-- Your objective --
The material beneath this line should be printed exactly, with its pictures omitted.

-- Records supplied --

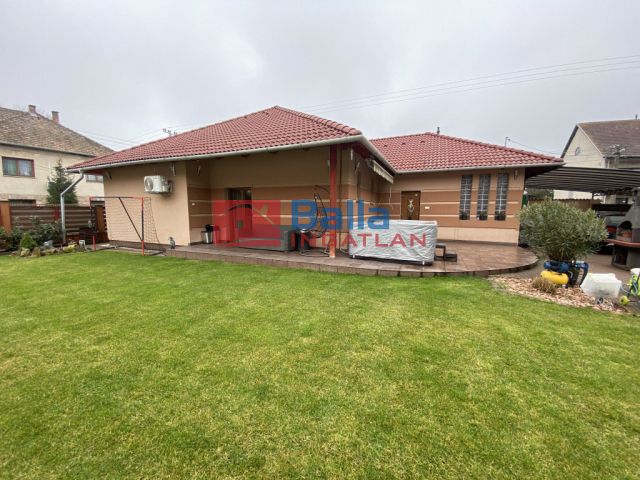 Eladó 110 m²-es Aszód, Berkes utca: 107'000'000 Ft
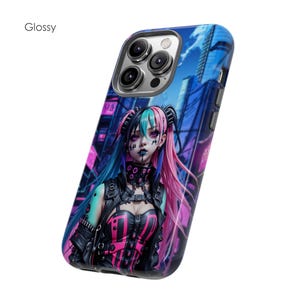 Może przedstawiać: Etui na telefon z błyszczącym wykończeniem przedstawiające cyberpunkową ilustrację kobiety z r&oacute;żowymi i niebieskimi włosami, ubraną w czarną sk&oacute;rzaną kurtkę i gorset. Tło to miasto z neonowymi światłami.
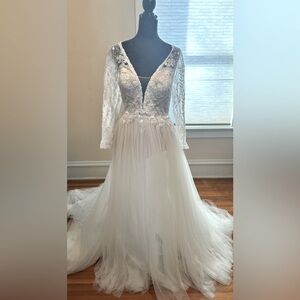 Pronovias Hedren Wedding Dress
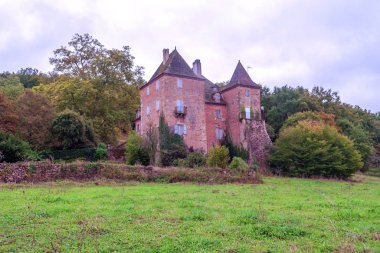 Fransa 'nın güneyinde bulutlu bir günde taştan evleri olan ortaçağ köyü Aquitaine.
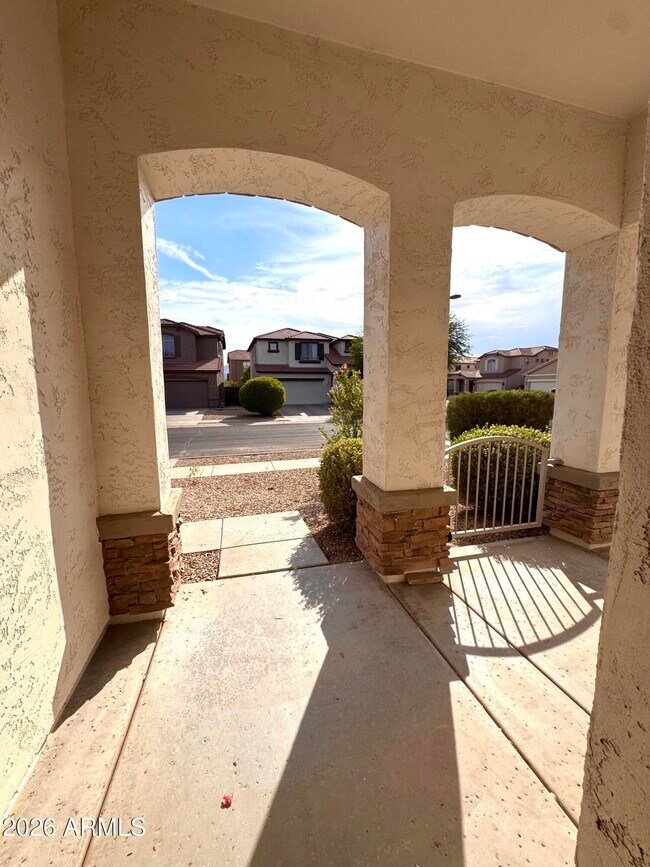 Building Photo - 14955 N 174th Ln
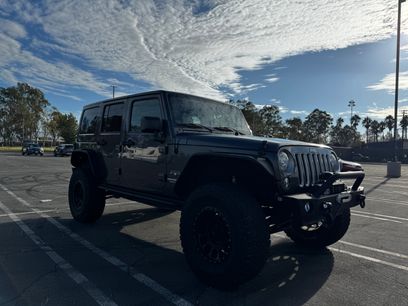 Used 2017 Jeep Wrangler Unlimited Sahara w/ Connectivity Group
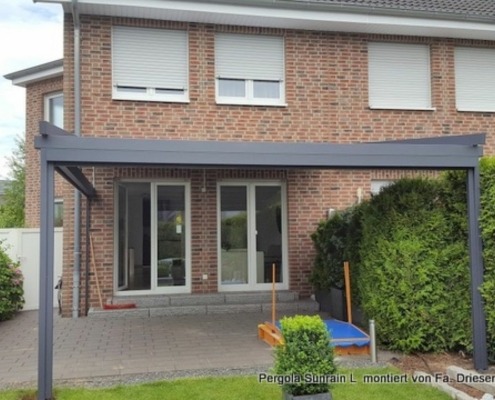 sunrain_pergolamarkise_terrassen_wetterschutz-4bde6e81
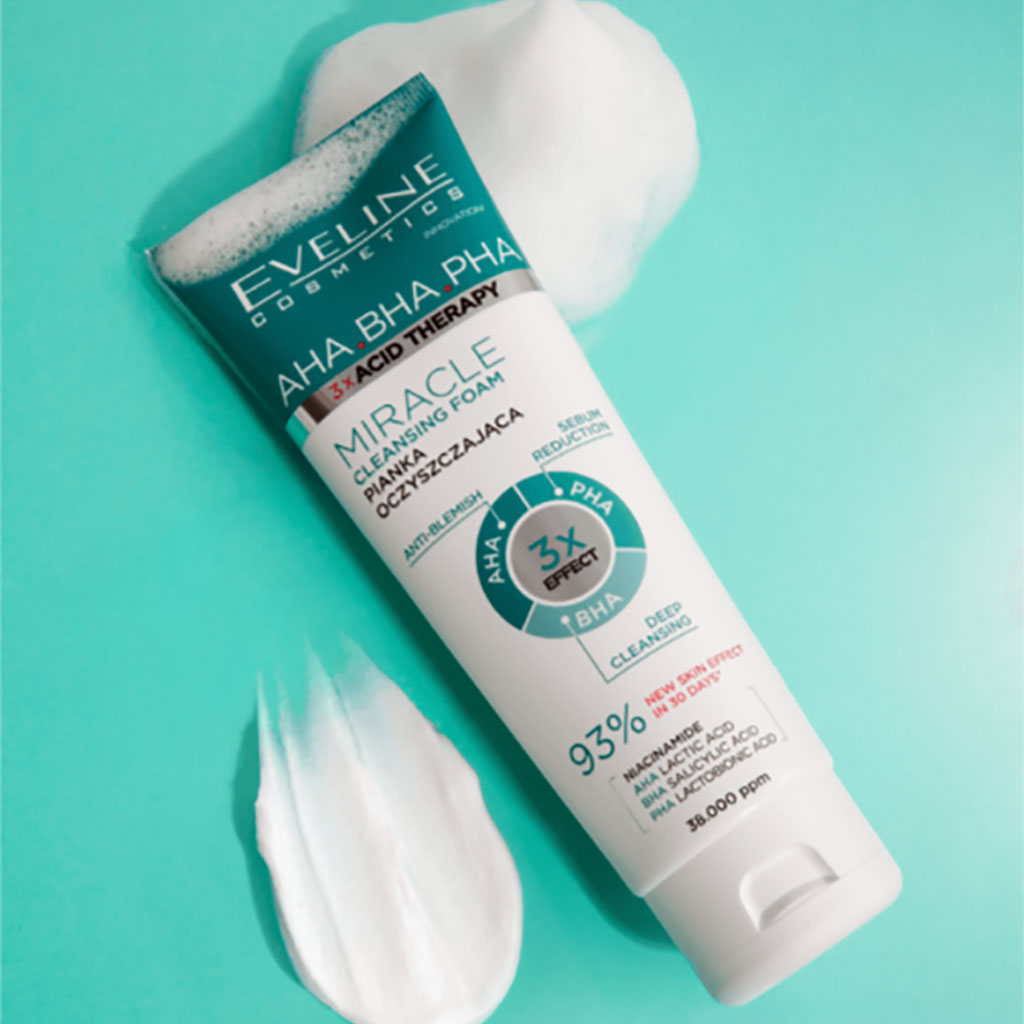 Eveline  3X Acid Therapy AHA BHA PHA Miracle Cleansing Foam
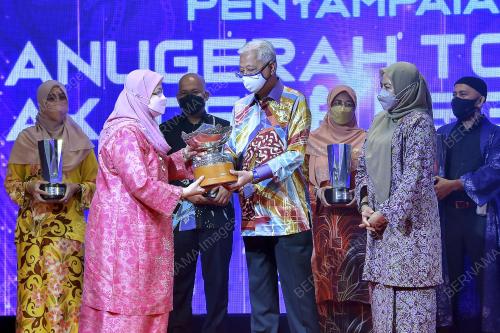 DATUK SERI ISMAIL SABRI YAAKOB
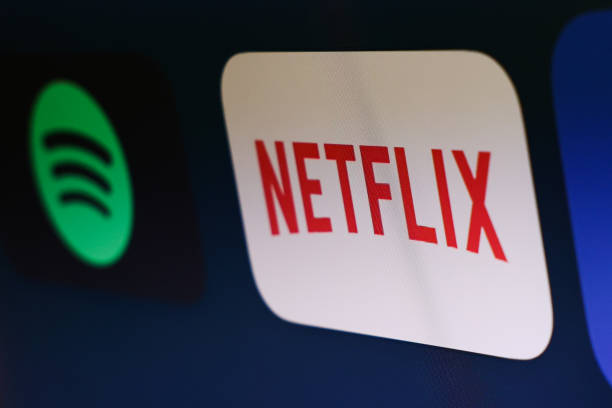 Netflix і Spotify об’єднуються для запуску відеоподкастів – від спорту до true crime Netflix і Spotify об’єднуються для запуску відеоподкастів – від спорту до true crime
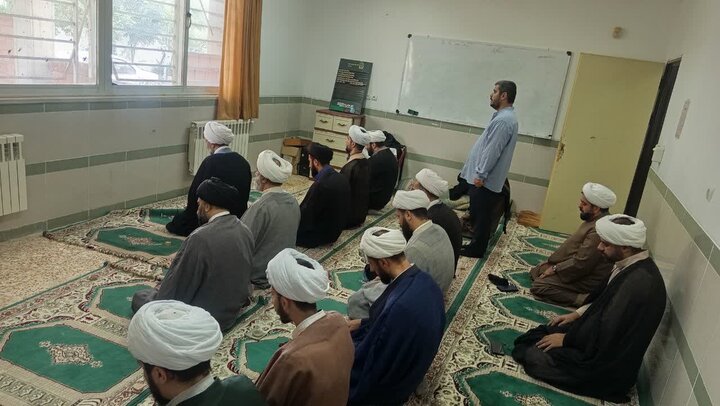 تصاویر/ دوره توانمندسازی ائمه جماعات در شهرستان چالوس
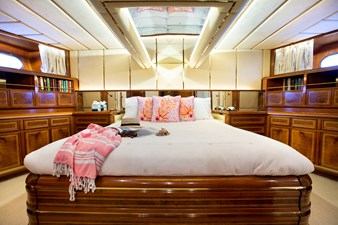 ALDONZA 21 Master Stateroom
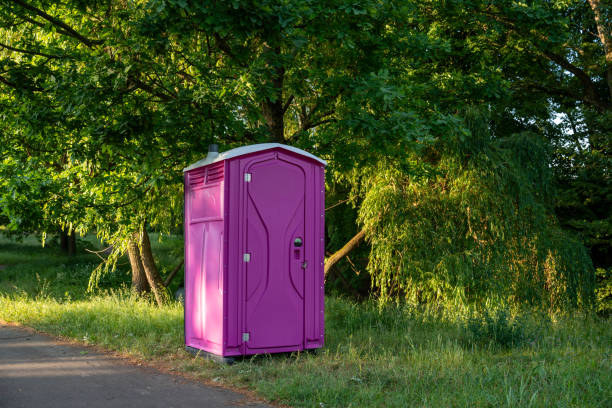 Best Porta potty delivery and setup  in Huntgton, IN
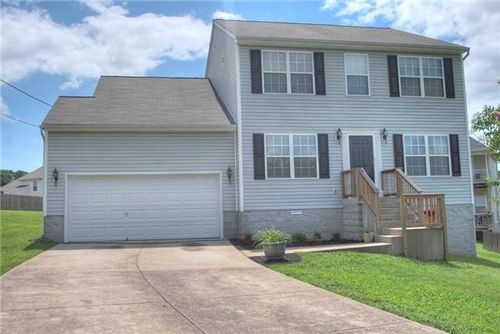 640 Woodland Hills Dr, La Vergne, TN, 37086 | Card Image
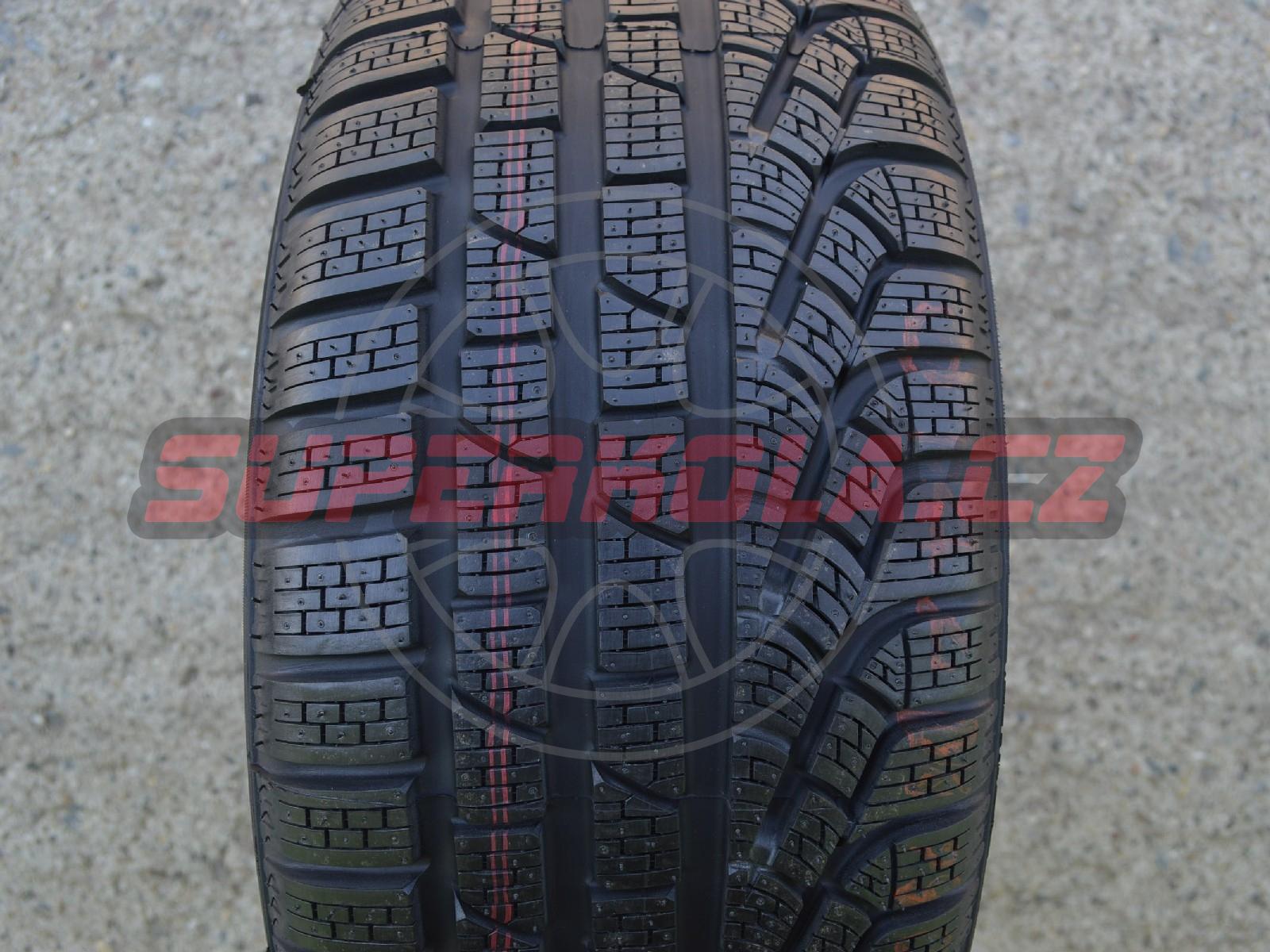 235/55/17 99V Pirelli  SottoZero Winter 240, zimní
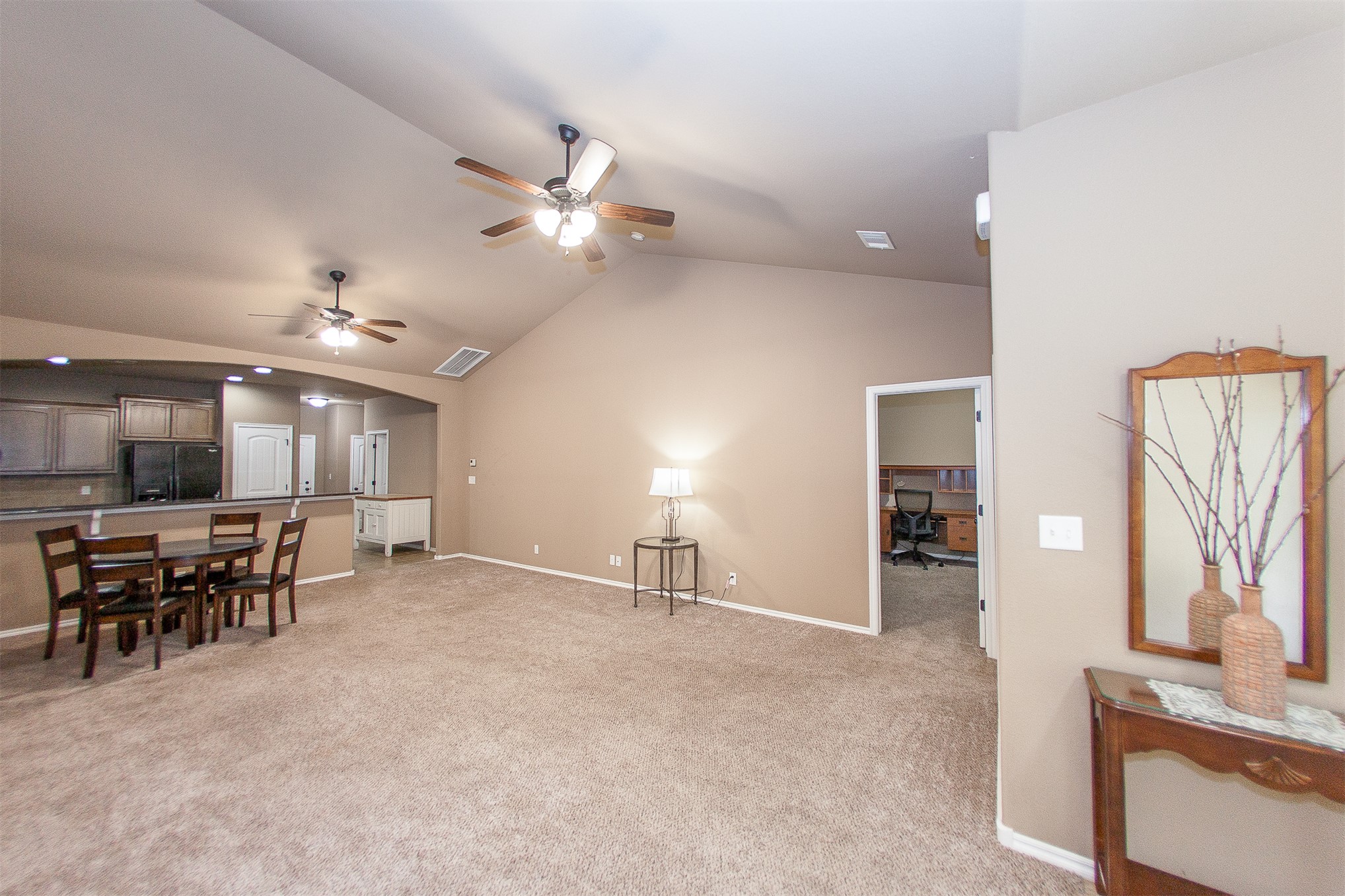 411 S Desert Palm Place Property Photo 6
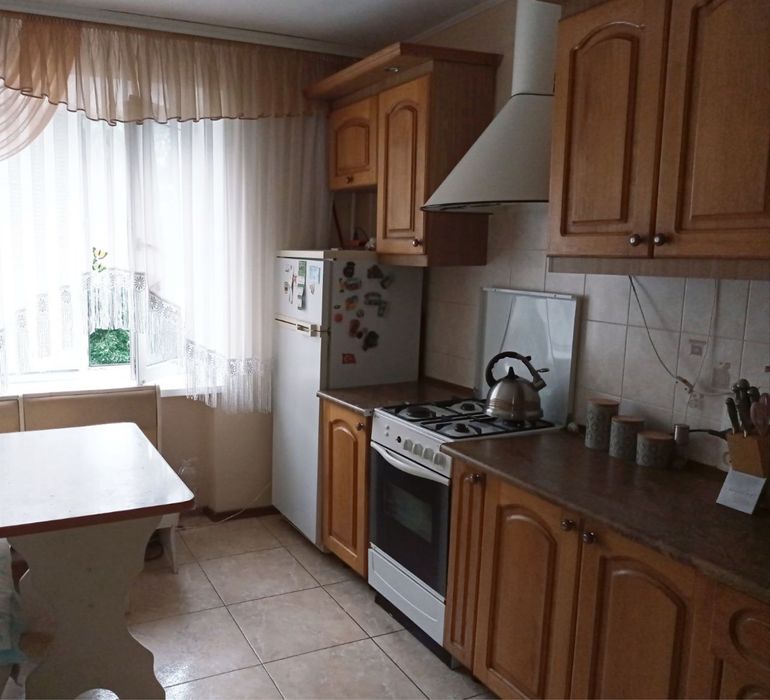 Оренда кімнати для дівчини від власника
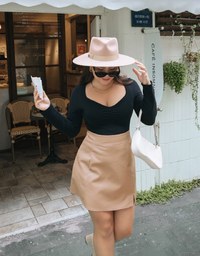 スリットプリーツレザースカート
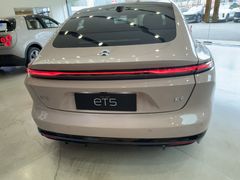 -蔚来体验中心(北京亦庄店)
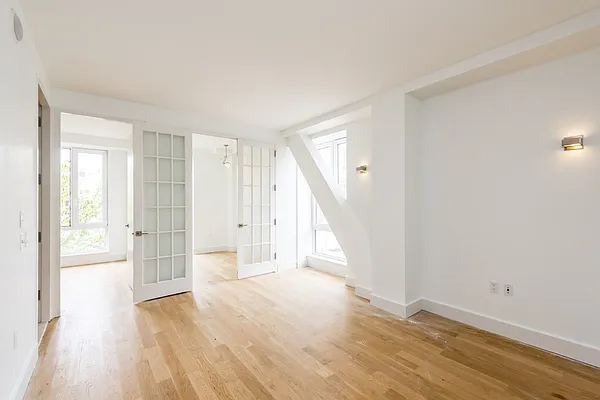 Rented by Nooklyn NYC LLC | media 51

-- Result of this task --
 Eladó 110 m²-es Aszód, Berkes utca: 107'000'000 Ft
 Może przedstawiać: Etui na telefon z błyszczącym wykończeniem przedstawiające cyberpunkową ilustrację kobiety z r&oacute;żowymi i niebieskimi włosami, ubraną w czarną sk&oacute;rzaną kurtkę i gorset. Tło to miasto z neonowymi światłami.
 Pronovias Hedren Wedding Dress
 Fransa 'nın güneyinde bulutlu bir günde taştan evleri olan ortaçağ köyü Aquitaine.
 Building Photo - 14955 N 174th Ln
 Used 2017 Jeep Wrangler Unlimited Sahara w/ Connectivity Group
 sunrain_pergolamarkise_terrassen_wetterschutz-4bde6e81
 Eveline  3X Acid Therapy AHA BHA PHA Miracle Cleansing Foam
 DATUK SERI ISMAIL SABRI YAAKOB
 Netflix і Spotify об’єднуються для запуску відеоподкастів – від спорту до true crime Netflix і Spotify об’єднуються для запуску відеоподкастів – від спорту до true crime
 تصاویر/ دوره توانمندسازی ائمه جماعات در شهرستان چالوس
 ALDONZA 21 Master Stateroom
 Best Porta potty delivery and setup  in Huntgton, IN
 640 Woodland Hills Dr, La Vergne, TN, 37086 | Card Image
 235/55/17 99V Pirelli  SottoZero Winter 240, zimní
 411 S Desert Palm Place Property Photo 6
 Оренда кімнати для дівчини від власника
 スリットプリーツレザースカート
 -蔚来体验中心(北京亦庄店)
 Rented by Nooklyn NYC LLC | media 51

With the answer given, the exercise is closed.